Bleached by sun and seawater, the ducks and beavers had faded to white, but the turtles and frogs had kept their original colors.

==Legacy==
At least two children's books have been inspired by the Floatees. In 1997, Clarion Books published Ducky (ISBN 0-395-75185-3), written by Eve Bunting and illustrated by Caldecott Medal winner David Wisniewski. Hans Christian Andersen Award winner Eric Carle wrote 10 Little Rubber Ducks (Harper Collins 2005, ISBN 978-0-00-720242-3).

In 1997 Black Swan published That Awkward Age (Transworld 1997, ISBN 978-0552996716), a comedy written by Mary Selby, in which several of the ducks are found off the Isle of Lewis, one then being purchased at auction and treated as a metaphor for perseverance.

In 2003, Rich Eilbert wrote a song "Yellow Rubber Ducks" commemorating the ducks' journey. In 2011, he published the song as a YouTube video, Yellow Rubber Ducks.

In 2011, Donovan Hohn published Moby-Duck: The True Story of 28,800 Bath Toys Lost at Sea and of the Beachcombers, Oceanographers, Environmentalists, and Fools, Including the Author, Who Went in Search of Them (Viking, ISBN 978-0-670-02219-9).

On the 19th of February 2013, BBC mystery series Death in Paradise featured the spill as a plot point in the 7th episode of Series 2.
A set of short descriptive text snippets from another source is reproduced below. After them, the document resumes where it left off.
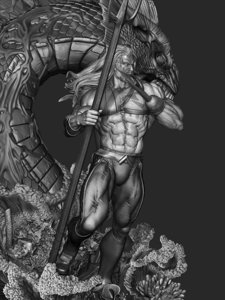 extracted_020326 B3DSERK - Aquaman Sculpture Image 005.png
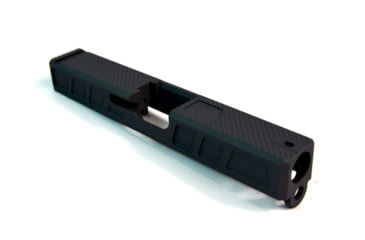 Image of Gun Cuts Gentleman Slide for Glock 19, No Optic Cut, Graphite Black, GC-G19-GEN-GBL-NO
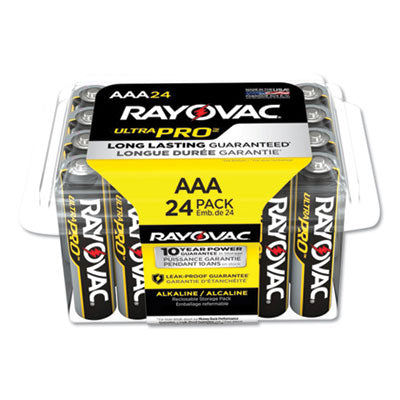 Rayovac Ultra Pro Alkaline AAA Batteries | 24/Pack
On 20 June 2014, The Disney Channel and Disney Junior aired Lucky Duck, a Canadian-American animated TV movie that is loosely based on and inspired by the Friendly Floatees.

In his 2014 poem collection The Cartographer Tries to Map a Way to Zion, poet Kei Miller dedicates a poem to the Friendly Floatees: "When Considering the Long, Long Journey of 28,000 Rubber Ducks".

The toys themselves have become collector's items, fetching hundreds of pounds.